At the same time he avoided meeting distinguished scholars with whom he
might have discussed questions of economics and sociology on a footing
of intellectual equality. Despite his broad intellectual sweep, he was
prey to obsessive ideas such as that the British foreign minister, Lord
Palmerston, was an agent of the Russian government. He was determined
not to let bourgeois society make “a money-making machine” out of him,
yet he submitted to living on the largess of Engels and the bequests of
relatives. He remained the eternal student in his personal habits and
way of life, even to the point of joining two friends in a students’

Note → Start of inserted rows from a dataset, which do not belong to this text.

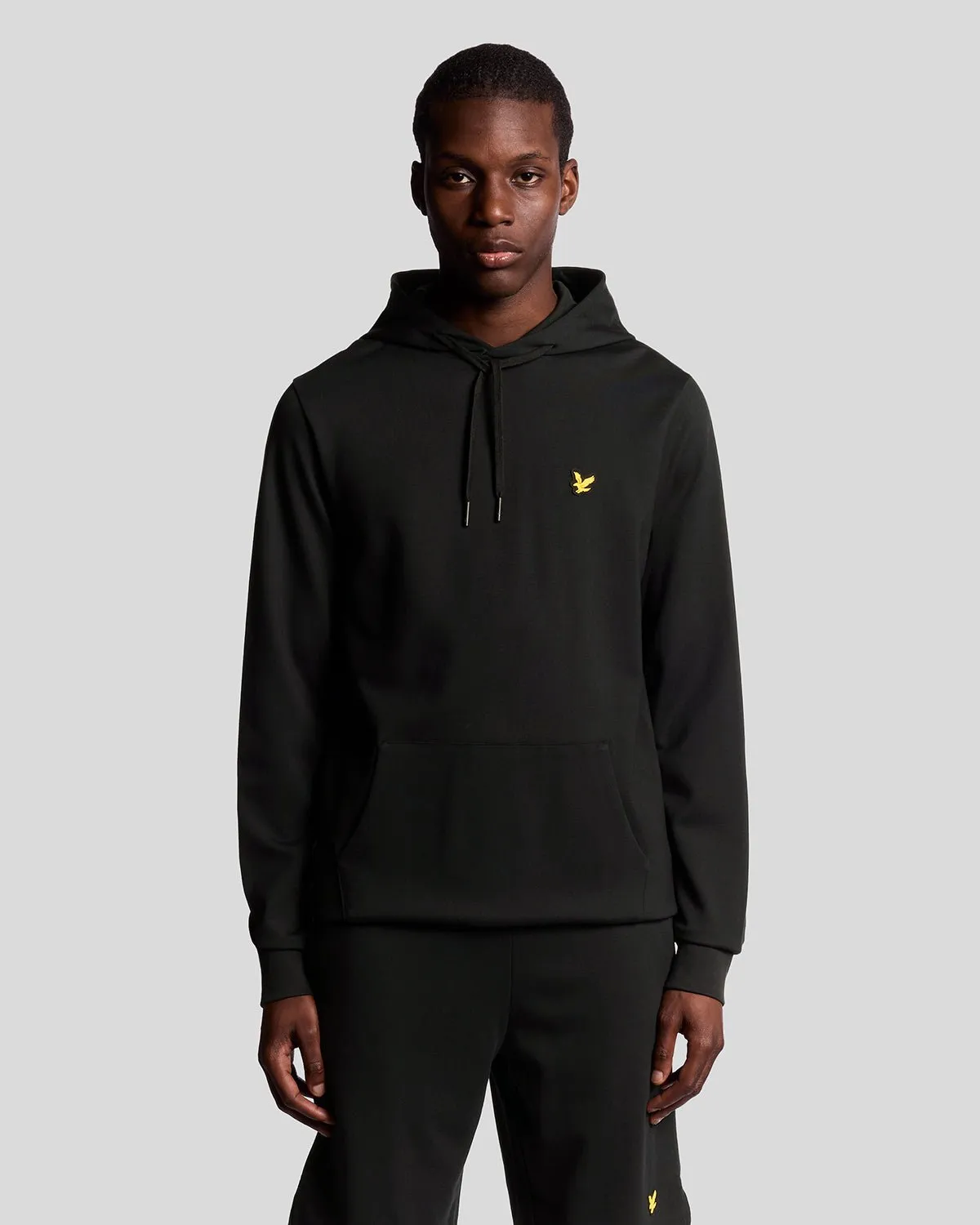 Sports Lightweight Hoodie sold by Lyle & Scott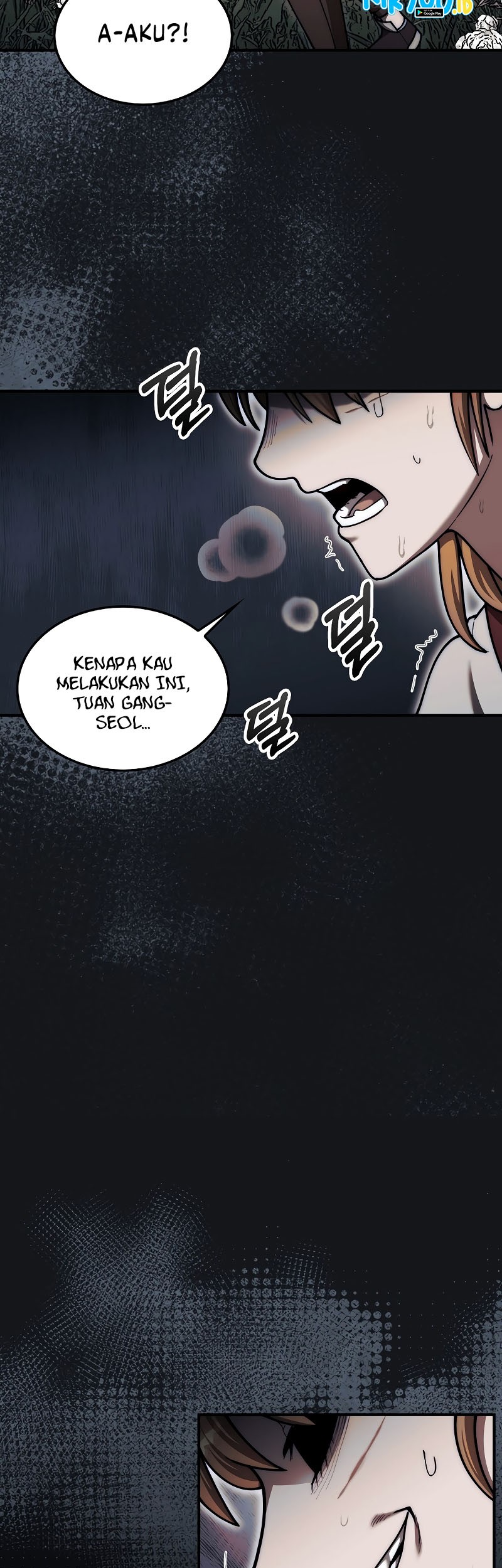 The 31st Piece Turns the Tables Chapter 34 - halaman 38
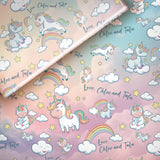 Unicorn Dreams - Wrapping Paper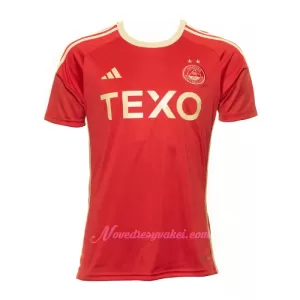 Fotbalové Dresy Aberdeen Domácí 2023-24 Fotbalové Dresy Aberdeen Domácí 2023-24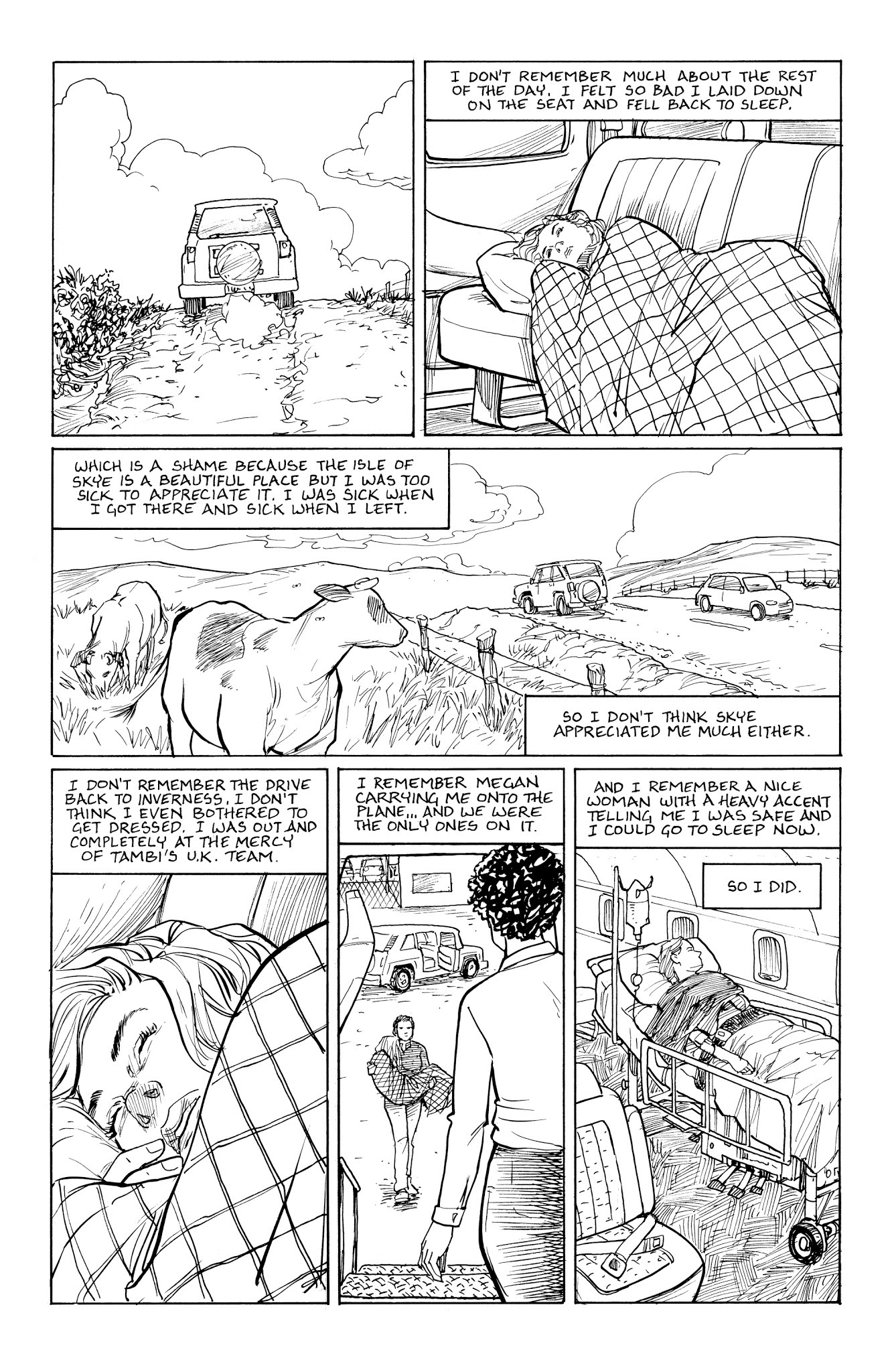 Read online Strangers in Paradise XXV comic -  Issue #4 - 19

prank during which they systematically broke four or five streetlamps in
a London street and then fled from the police. He was a great reader of
novels, especially those of Sir Walter Scott and Balzac; and the family
made a cult of Shakespeare. He was an affectionate father, saying that
he admired Jesus for his love of children, but sacrificed the lives and
health of his own. Of his seven children, three daughters grew to
maturity. His favourite daughter, Eleanor, worried him with her nervous,
brooding, emotional character and her desire to be an actress. Another
shadow was cast on Marx’s domestic life by the birth to their loyal
servant, Helene Demuth, of an illegitimate son, Frederick; Engels as he
was dying disclosed to Eleanor that Marx had been the father. Above all,
Marx was a fighter, willing to sacrifice anything in the battle for his
conception of a better society. He regarded struggle as the law of life
and existence.
The influence of Marx’s ideas has been enormous. Marx’s masterpiece,
Das Kapital, the “Bible of the working class,” as it was officially
described in a resolution of the International Working Men’s
Association, was published in 1867 in Berlin and received a second
edition in 1873. Only the first volume was completed and published in
Marx’s lifetime. The second and third volumes, unfinished by Marx, were
edited by Engels and published in 1885 and 1894. The economic categories
he employed were those of the classical British economics of David
Ricardo; but Marx used them in accordance with his dialectical method to
argue that bourgeois society, like every social organism, must follow
its inevitable path of development. Through the working of such immanent
tendencies as the declining rate of profit, capitalism would die and be
replaced by another, higher, society. The most memorable pages in Das
Kapital are the descriptive passages, culled from Parliamentary Blue
Books, on the misery of the English working class. Marx believed that
this misery would increase, while at the same time the monopoly of
capital would become a fetter upon production until finally “the knell
of capitalist private property sounds. The expropriators are
expropriated.”
Marx never claimed to have discovered the existence of classes and
class struggles in modern society. “Bourgeois” historians, he
acknowledged, had described them long before he had. He did claim,
however, to have proved that each phase in the development of production
was associated with a corresponding class structure and that the
struggle of classes led necessarily to the dictatorship of the
proletariat, ushering in the advent of a classless society. Marx took up
the very different versions of socialism current in the early 19th
century and welded them together into a doctrine that continued to be
the dominant version of socialism for half a century after his death.
His emphasis on the influence of economic structure on historical
development has proved to be of lasting significance.
Although Marx stressed economic issues in his writings, his major
impact has been in the fields of sociology and history. Marx’s most
important contribution to sociological theory was his general mode of
analysis, the “dialectical” model, which regards every social system as
having within it immanent forces that give rise to “contradictions”
(disequilibria) that can be resolved only by a new social system.
Neo-Marxists, who no longer accept the economic reasoning in Das
Kapital, are still guided by this model in their approach to capitalist
society. In this sense, Marx’s mode of analysis, like those of Thomas
Malthus, Herbert Spencer, or Vilfredo Pareto, has become one of the
theoretical structures that are the heritage of the social scientist.